If you’ve turned on the television or radio recently, chances are that you’ve heard at least one advertisement that made you sit up and say “what the…?” From bogus weight-loss products, to suspicious tax “advice” firms, to “free” cruises to the Bahamas, it often seems difficult to avoid ads that are misleading, if not outright fraudulent. At the federal level, the Federal Trade Commission (FTC) is charged with protecting consumers from unfair and deceptive advertising.
Over the years, the agency has brought hundreds of cases against companies that have made dubious claims in their advertisements. In addition, in cases where there is evidence of fraud the FTC can also shut down operations under its “unfair and deceptive acts or practices” authority. State attorneys general also have authority to go after deceptive advertising and fraudulent operations.
Unfortunately, given the limited resources at their disposal, regulators are often only able to go after the most egregious cases of deception and fraud. The result? Ads for all kinds of deceptive and fraudulent products and services continue to proliferate on the public airwaves and on cable TV.
So what can be done to better police the airwaves for deceptive and fraudulent content? As part of its recent enforcement action against four bogus weight-loss companies, the FTC sent a letter to publishers and broadcasters asking them to refer to the FTC’s guidance on spotting phony weight-loss claims when advertisers submit ads.
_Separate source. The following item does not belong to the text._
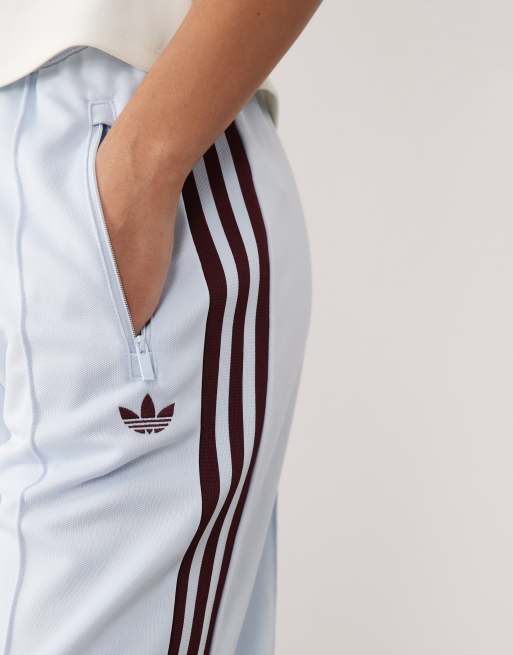 adidas Originals – Classic – Trainingshose in Hellblau und Burgunderrot, 3 von 5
While this action is a step in the right direction, we think the broadcasting and publishing industries can and should do more to vet the ads they run before they run. The FTC has largely steered clear of putting pressure on publishers and broadcasters to take this common-sense step. The Commission’s last significant effort on this was back in 2003, when former chairman Tim Muris asked cable television advertisers to strictly screen weight-loss ads.
As the Washington Post’s Lydia DePillis noted in a recent article on this topic, publishers and broadcasters usually cite two big reasons for resisting ad screening: their First Amendment right to publish and broadcast what they wish and the expense of setting up a screening program. With the proliferation of Internet-based advertising, the problem becomes even harder to control.
That said, we don’t think that these excuses are reason enough for the industry not to even try. Consumers tend to trust the ads they see on the radio or on television to a greater extent than online ads. When a fraudulent or deceptive ad runs, it undermines confidence in the advertising industry generally. More concretely, when a deceptive advertiser goes under due to enforcement actions, it can leave media outlets holding the bag. For example, when “tax resolution” company TaxMasters went bankrupt in 2012 after being investigated by the Texas Attorney General’s office, it owed CNN and Fox News Channel more than $3.5 million in unpaid advertising.
Doing a better job of screening out deceptive ads is not only the right thing to do from a public interest point of view, but it makes good business sense too. That being the case, why aren’t more companies doing it? Consumers deserve no less.